Kirchenchor Inchenhofen

Das Gründungsjahr des Kirchenchores ist nicht bekannt. Anlass der Gründung war das Bedürfnis nach einer besseren und anspruchsvolleren musikalischen Gestaltung der Gottesdienste, speziell der Hochfeste der Wallfahrtskirche an Pfingsten und zum Leonhardifest im November. Darüber hinaus umrahmt der Kirchenchor aber auch andere kirchliche Hochtage und Feste der Pfarrei sowie Jubiläen und Hochzeiten musikalisch und singt das Requiem bei Beerdigungen.


Bis 1999 übernahmen meist die örtlichen Schulleiter die Chorleitung, darunter zuletzt von 1971 – 1999 Hermann Huber.
Seit 1999 leitet Martin Schormair den Chor.
Das Repertoire des Kirchenchors umfasst deutsche und lateinische Gesänge und Messen wie zum Beispiel die Orgelsolomesse oder die Krönungsesse von Mozart. Darüber hinaus beherrschen die Sänger eine Auswahl an rhythmischen und weltlichen Liedern, die vor allem bei Hochzeiten gefragt sind.
Immer wieder gab es und gibt es in der Vielzahl der Einsätze des Chores herausragende Ereignisse: 1983 wurde zum Leonhardifest erstmals die „Kleine Orgelsolomesse“ von Mozart aufgeführt. Außerdem übernahm der Chor am 11. Juni 1989 die musikalische Gestaltung bei der Live-Übertragung des Sonntags-Gottesdienstes im Fernsehen. Weiterhin beteiligte sich der Kirchenchor in den Jahren 2000 und 2005 bei den Aufführungen des Leonhardi-Theaterstückes „Wenn Glaube Ketten sprengt“. Die letzten großen Ereignisse waren die Mitwirkung beim Klassikabend im Sissischloss unter der Leitung des Dirigenten Seitz-Götz im Juni 2010 und die Uraufführung der kompletten „Krönungsmesse“ von Mozart zum Leonhardifest im gleichen Jahr.
Neben den Proben und Auftritten kommt aber auch das Gesellige nicht zu kurz bei Ausflügen oder abendlichen Treffen.
Der Kirchenchor probt jeden Donnerstag nach der Abendmesse in der Inchenhofener Kirche. Neue Mitglieder und Interessierte sind stets willkommen.

Die Abtei Fürstenfeld errichtete in Inchenhofen ein Superiorat. Für die Wallfahrtskirche St. Leonhard erbaute der Kaufbeurer Orgelbauer Johann Kronthaler 1760 eine einmanualige Orgel, von der das auf zwei Kästen um das Rückfenster verteilte Orgelgehäuse erhalten ist.
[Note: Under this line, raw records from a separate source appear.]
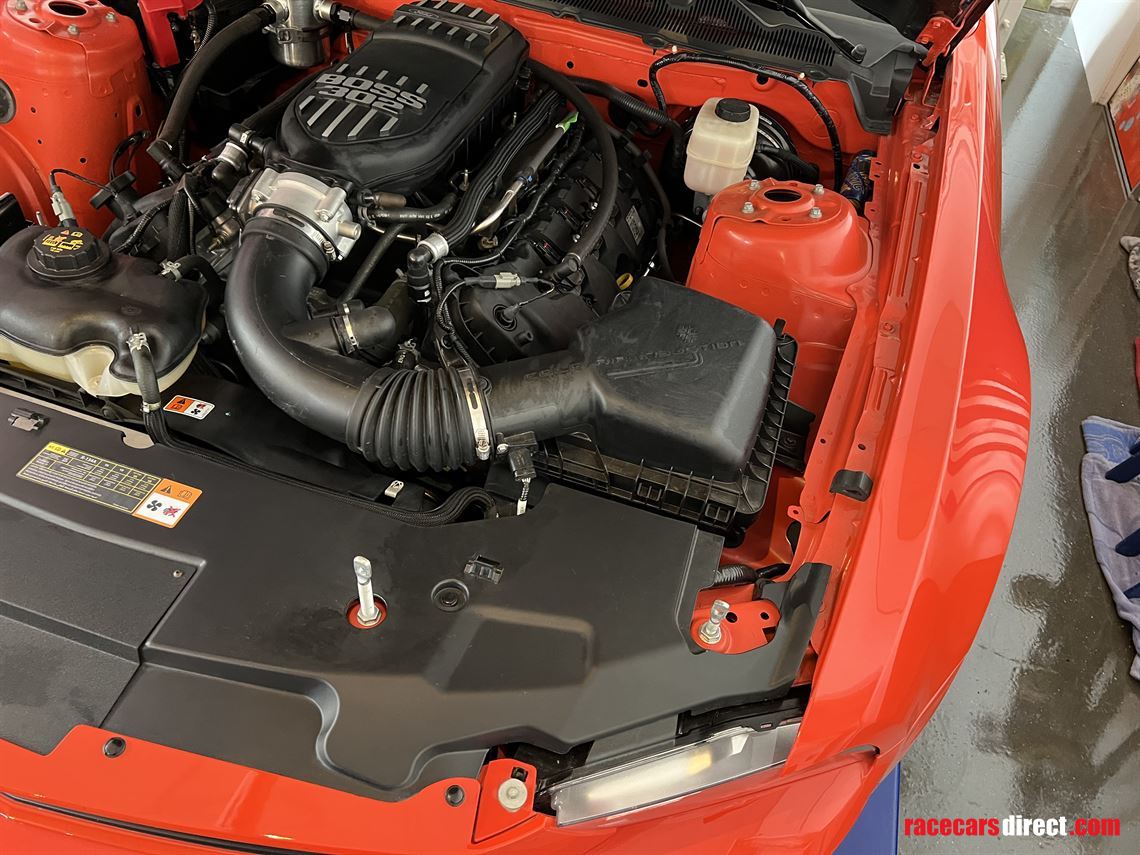 2012-ford-mustang-boss-302s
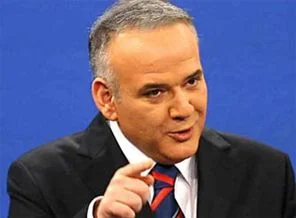 Ahmet Çakar'dan Aziz Yıldırım'a sert eleştiri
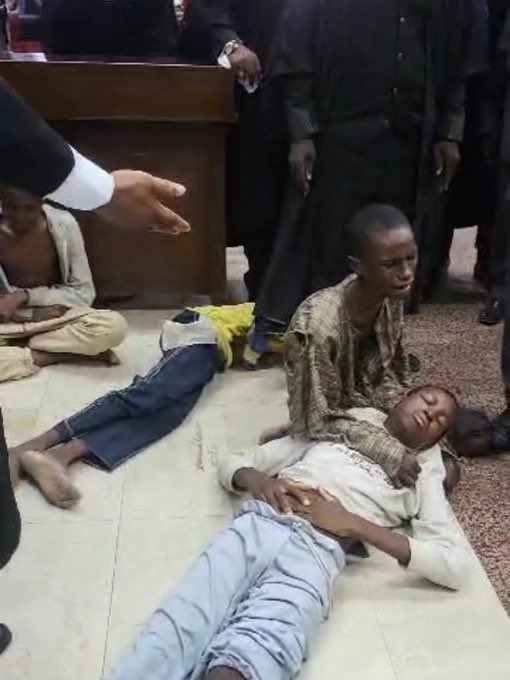 abbabk's tweet photo. I am deeply disturbed by the sight of young, underage children in an Abuja court—visibly malnourished and in poor health. This disgraceful situation reflects poorly on our country and on President Tinubu’s administration, known for its lack of compassion for citizens.#protest https://t.co/y4UPPxg9m1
Der Mitte zugewandt sind doppelstöckige Pfeifenfelder, zur Wand vermitteln kleine Harfenfelder. Das Prospekt ist sehr reich und großflächig mit Rocailleschnitzerei aus der Bauzeit ausgestattet.
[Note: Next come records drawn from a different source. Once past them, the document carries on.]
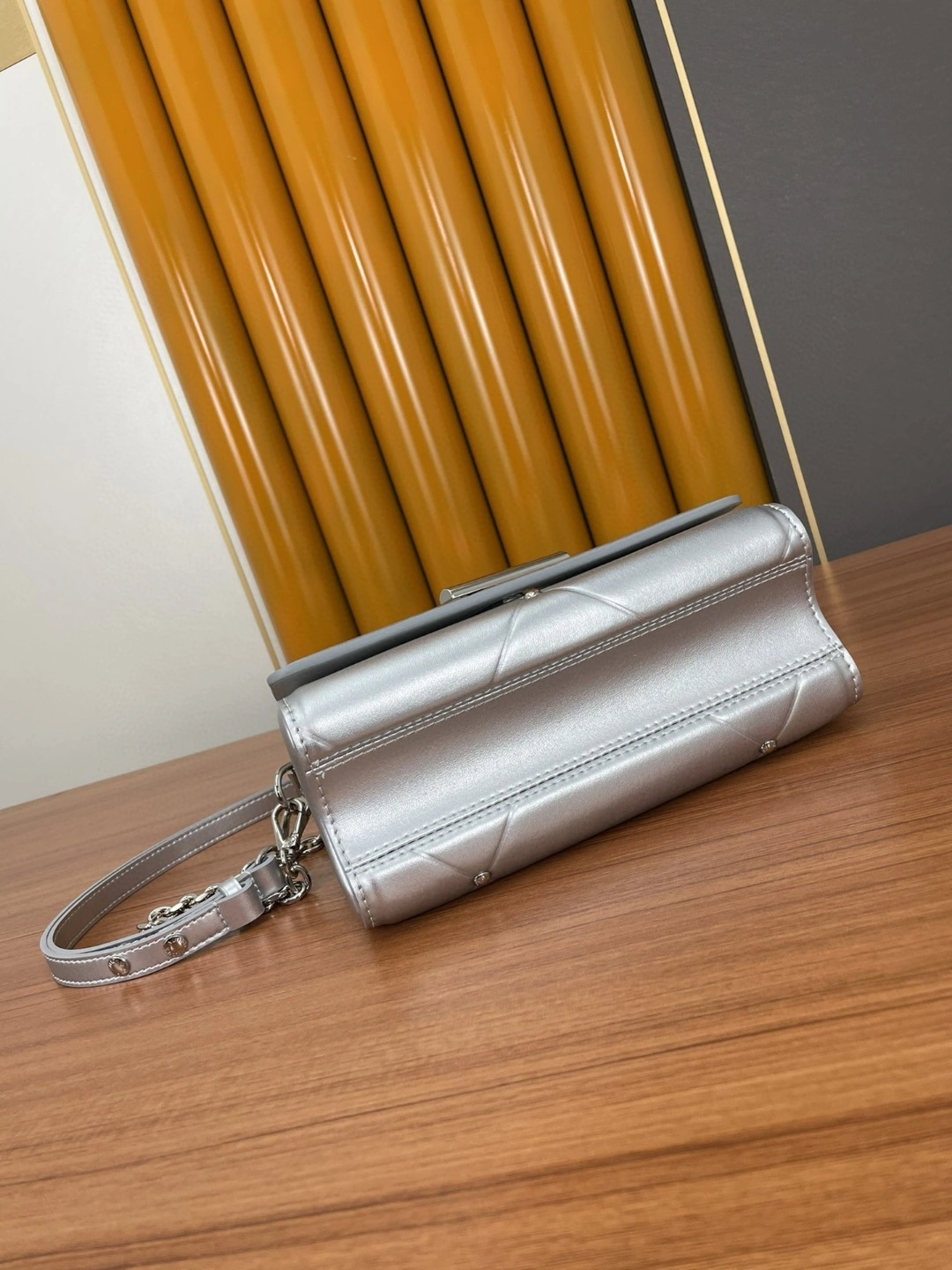 MOMO- M59031 sheephide item : A-B063L1606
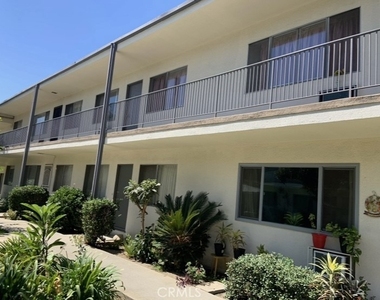 425 Fairview Avenue - Photo Thumbnail 4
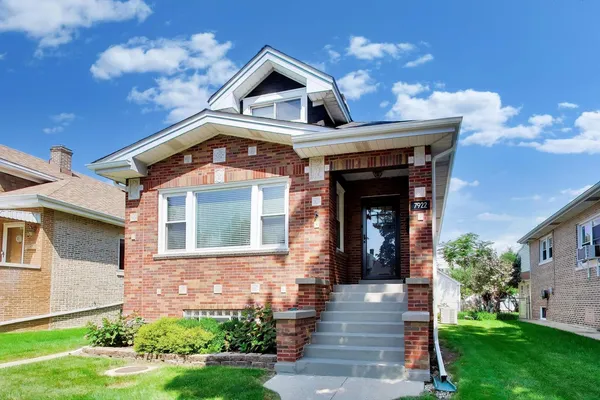 $2,995 | 7922 West Elmgrove Drive, Elmwood Park, IL 60707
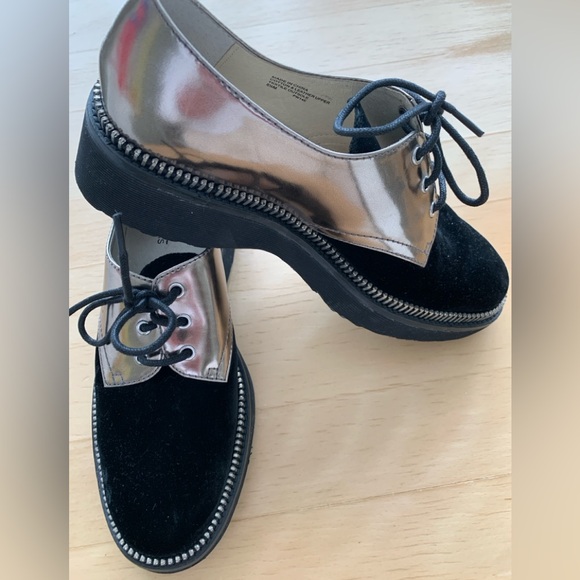 Michael Kors - Women’s Vivia Lace Up Platform Oxfords (6 1/2) - Picture 2 of 6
Eine größere Reparatur führte 1851 der Orgelbauer Joseph Pöbstl aus Füssen durch, bei der die Windladen, das Registerwerk und die Klaviaturen erneuert wurden. Das auch später noch häufig reparierte Instrument wurde schließlich 1905 abgebrochen und durch ein neues aus der Werkstatt Maerz in München ersetzt, das heute noch vorhanden ist.
Dieses wurde 2001 von der Firma Maximilian Offner gründlich renoviert.